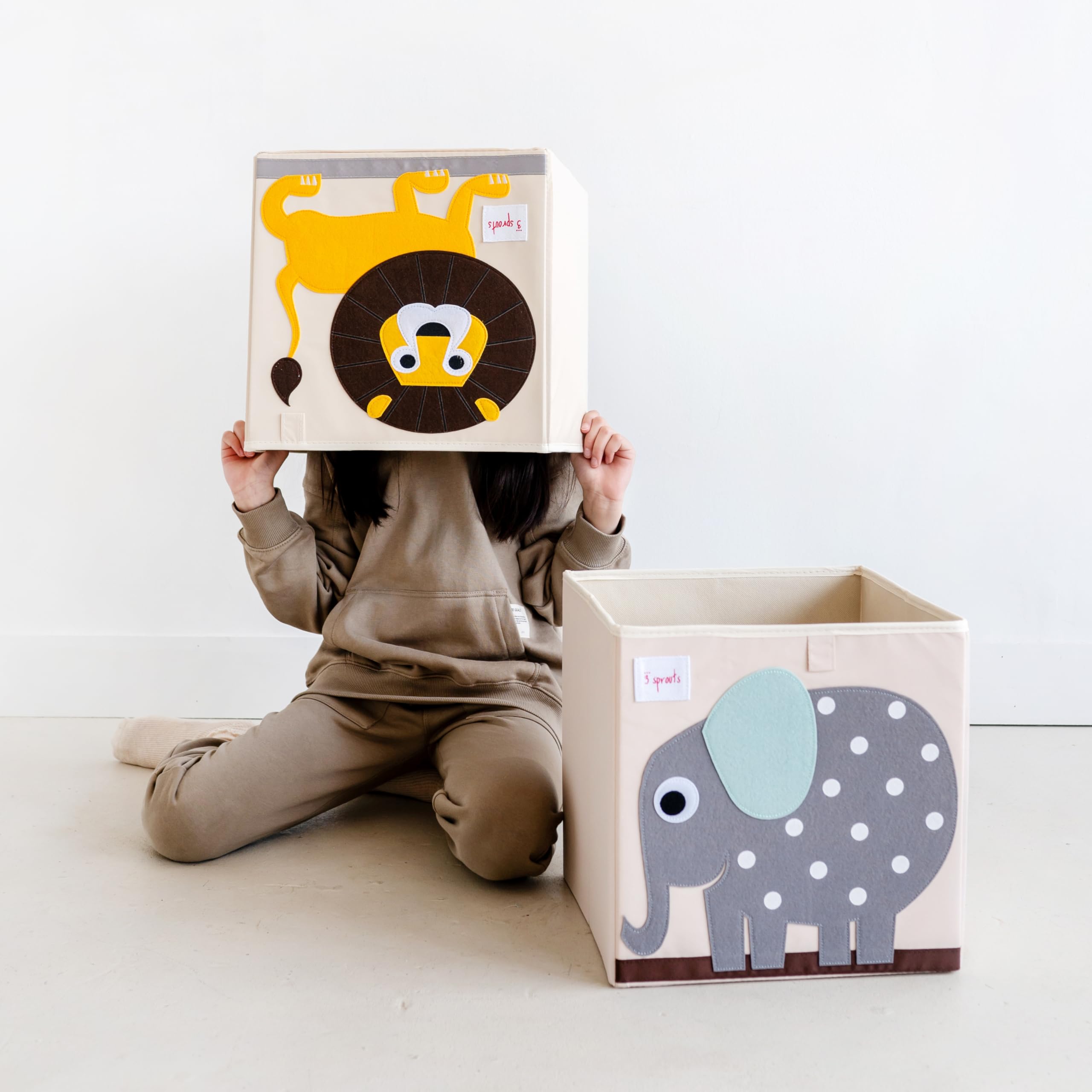 3 Sprouts toy box made of soft polyester with durable safety-tested materials.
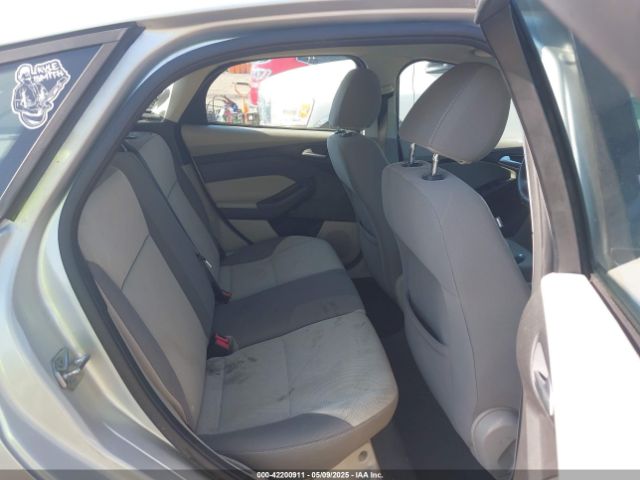 1FADP3K2XEL283869 Ford FOCUS SE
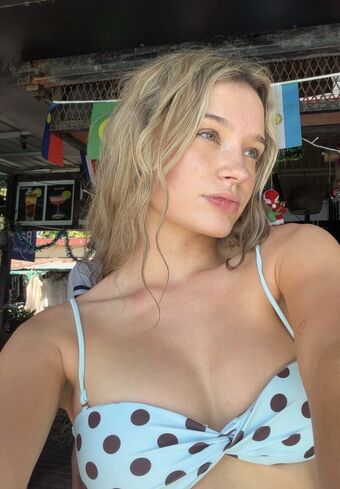Abbiemay13 Fotografii Nud Scurse OnlyFans 24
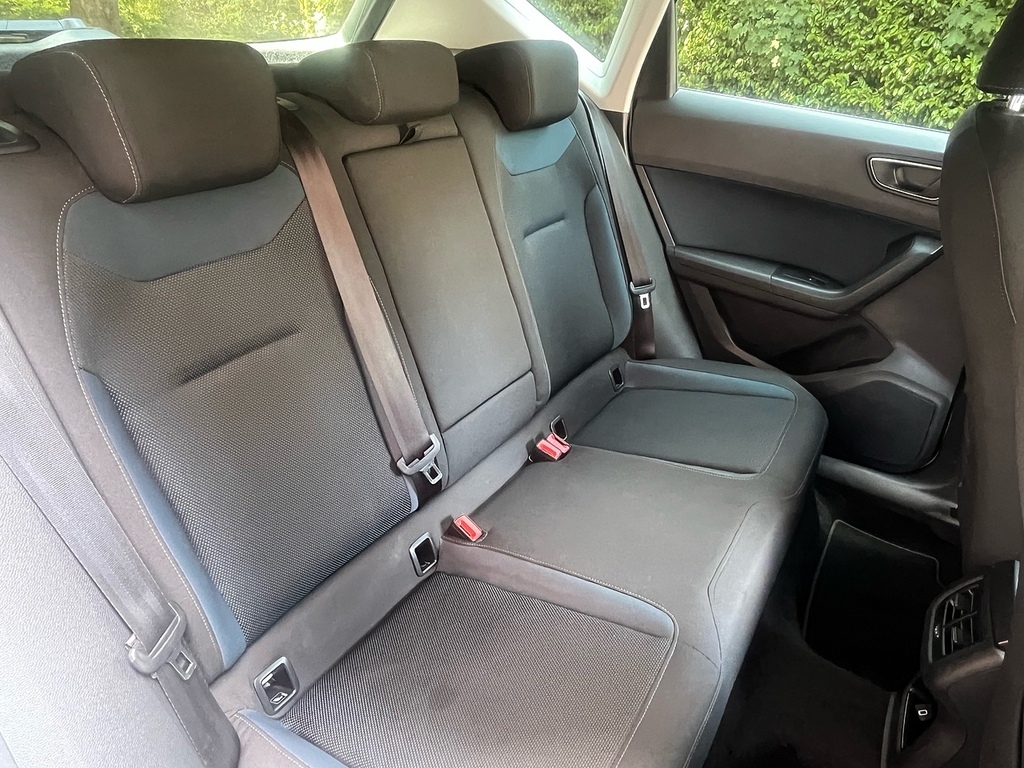 Seat Ateca Tdi Se Technology YR68URY White #2
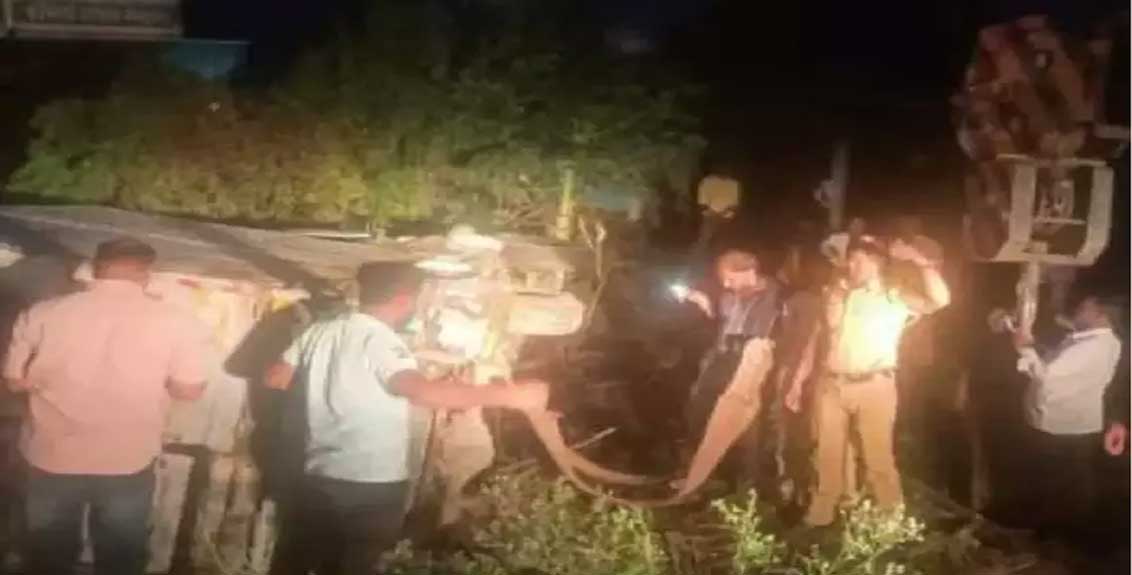 Pune : Horrific accident in Otur area, two women died and one seriously injured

Exercise directions: Reproduce exactly, and only, the lines from the one with "Seat Ateca Tdi" to the final line of the listing above; the pictures are to be left out.

Reply to the task:
 Seat Ateca Tdi Se Technology YR68URY White #2
 Pune : Horrific accident in Otur area, two women died and one seriously injured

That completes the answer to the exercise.